By that time, the negotiators must have either agreed on a permanent truce, accepted an extension or risk a resumption of more than a month of bloody fighting.
“There has been progress, but not enough to sign an agreement; the negotiations will resume tomorrow (Wednesday),” a member of the Palestinian delegation told AFP late on Tuesday, without giving further details.
As on previous days, the Israeli team returned home after talks, for likely consultations with their government.
As Gaza’s residents ventured out into the quiet to try to piece together their battered lives, negotiators held a second round of indirect talks Tuesday aimed at finding a durable end to the five-week confrontation.
But officials said there was still a way to go to agree an end to the conflict, which erupted on July 8.
“The negotiations are difficult and grueling,” a Palestinian official had said of Monday’s opening talks, which lasted almost 10 hours and which were described as “serious.”
And early on Tuesday, an Israeli official had played down the chances of success.
“The gaps are still very wide. There has not been progress in the negotiations,” he told AFP.
The teams gather in separate rooms at the headquarters of the Egyptian General Intelligence and never see each other, with mediators shuttling between them with proposals and counter-proposals, a source said.
Hamas wants Israel to lift the blockade it imposed on Gaza in 2006 before it will stop rocket attacks. Israel has said it will only facilitate Gaza’s reconstruction if the enclave is fully disarmed.

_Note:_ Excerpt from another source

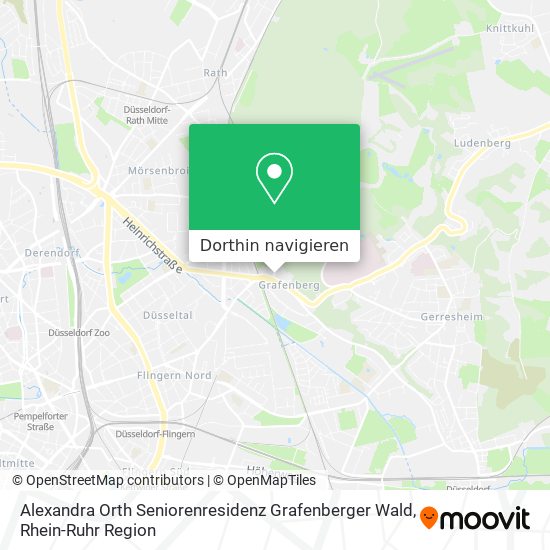 Alexandra Orth Seniorenresidenz Grafenberger Wald Karte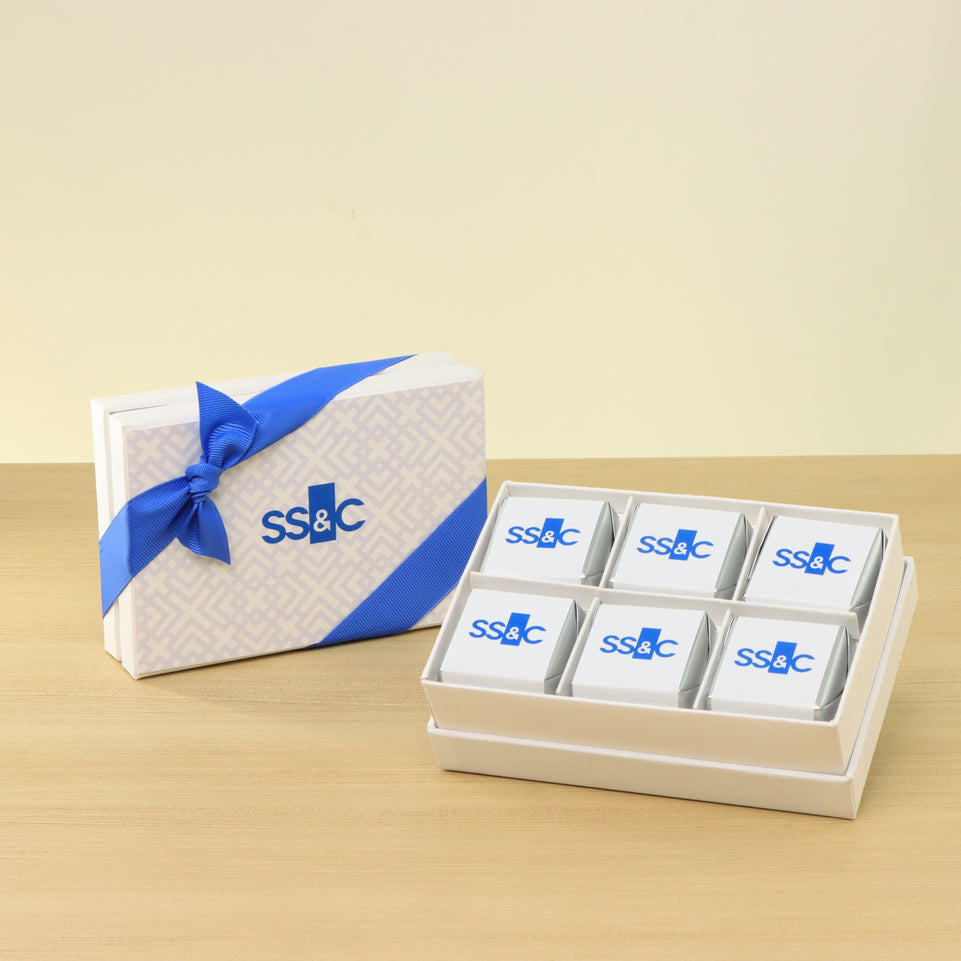 Set of 20 Corporate customized premium chocolate 6P hard box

In Istanbul, a coalition of pro-Palestinian activists said they would send a flotilla of blockade-busting ships to Gaza by the end of 2014, four years after a similar attempt ended in bloodshed when Israel staged a deadly raid in an attempt to stop it.
In a sign that Israeli Prime Minister Benjamin Netanyahu faced domestic political battles to sell any deal to his fractious coalition, he called off a planned meeting of his security cabinet on Tuesday.
Instead, he invited key ministers, mainly hawks, for private meetings, Israeli media reported.
Poised to Resume Fire
Egypt brokered the three-day truce which took effect at 12:01 a.m. on Monday, and has urged the warring sides to make every effort to reach “a comprehensive and permanent ceasefire.”
Efforts to extend a similar 72-hour lull last week collapsed when Hamas refused to hold its fire beyond the deadline, accusing Israel of rejecting a lifting of the blockade.
Both sides said they were ready to resume hostilities if the talks failed again.
Finance Minister Yair Lapid told AFP earlier this week that he was pushing for an international conference on Gaza’s future that would involve regional players as well as Washington, the European Union, and Arab states such as Saudi Arabia.
“We think that Palestinian Authority president Mahmoud Abbas should take control of Gaza and be active in its reconstruction,” the minister told AFP.
Palestinian negotiators have expressed a willingness to see the PA assume responsibility for Gaza’s reconstruction and implement any deal signed in Cairo.
Israel has no direct dealings with Hamas.
Anger at UN Probe Team
Meanwhile, Israel lashed out after the UN Human Rights Council named experts who would be involved in an inquiry into its Gaza campaign, accusing commission leader, William Schabas, of having an anti-Israeli bias.
“This commission’s anti-Israeli conclusions have already been written, all it needs is a signature,” railed foreign ministry spokesman Yigal Palmor.
Schabas denies being anti-Israel.
Palestinian foreign minister Riyad al-Maliki said the UN probe would prove Israel committed war crimes and violated humanitarian law during its Gaza offensive.
“We are going to cooperate with this commission when it arrives in Palestine,” he said while visiting Caracas.